Below are records with pictures; copy word for word only the lines between the line with "Hello, my name" and the line with "Hello guys, this", inclusive, and drop the pictures.

→ Records for this exercise
▼▼▼

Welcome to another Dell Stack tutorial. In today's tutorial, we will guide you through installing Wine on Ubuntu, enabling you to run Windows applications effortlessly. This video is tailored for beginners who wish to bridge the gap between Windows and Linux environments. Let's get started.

▲▲▲
▼▼▼

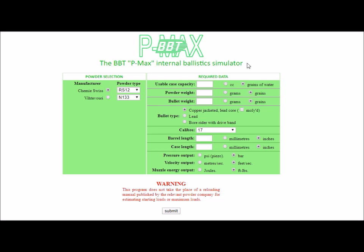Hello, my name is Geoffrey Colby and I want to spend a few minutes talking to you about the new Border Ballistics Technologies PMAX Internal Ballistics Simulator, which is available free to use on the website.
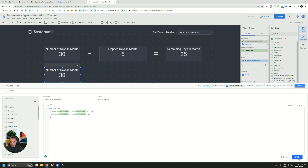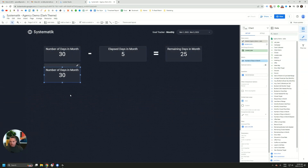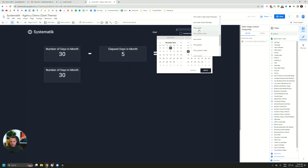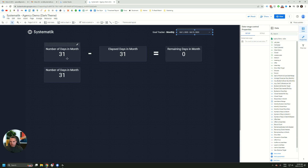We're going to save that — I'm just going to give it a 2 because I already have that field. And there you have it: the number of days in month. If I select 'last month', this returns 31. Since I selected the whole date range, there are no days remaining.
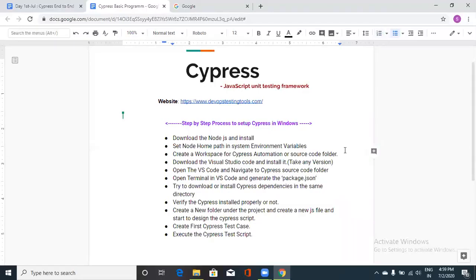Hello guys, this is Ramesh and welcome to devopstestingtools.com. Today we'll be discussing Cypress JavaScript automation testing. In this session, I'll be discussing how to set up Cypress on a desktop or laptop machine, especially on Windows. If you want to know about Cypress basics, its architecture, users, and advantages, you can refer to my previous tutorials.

▲▲▲

→ Reply to the exercise
Hello, my name is Geoffrey Colby and I want to spend a few minutes talking to you about the new Border Ballistics Technologies PMAX Internal Ballistics Simulator, which is available free to use on the website.
We're going to save that — I'm just going to give it a 2 because I already have that field. And there you have it: the number of days in month. If I select 'last month', this returns 31. Since I selected the whole date range, there are no days remaining.
Hello guys, this is Ramesh and welcome to devopstestingtools.com. Today we'll be discussing Cypress JavaScript automation testing. In this session, I'll be discussing how to set up Cypress on a desktop or laptop machine, especially on Windows. If you want to know about Cypress basics, its architecture, users, and advantages, you can refer to my previous tutorials.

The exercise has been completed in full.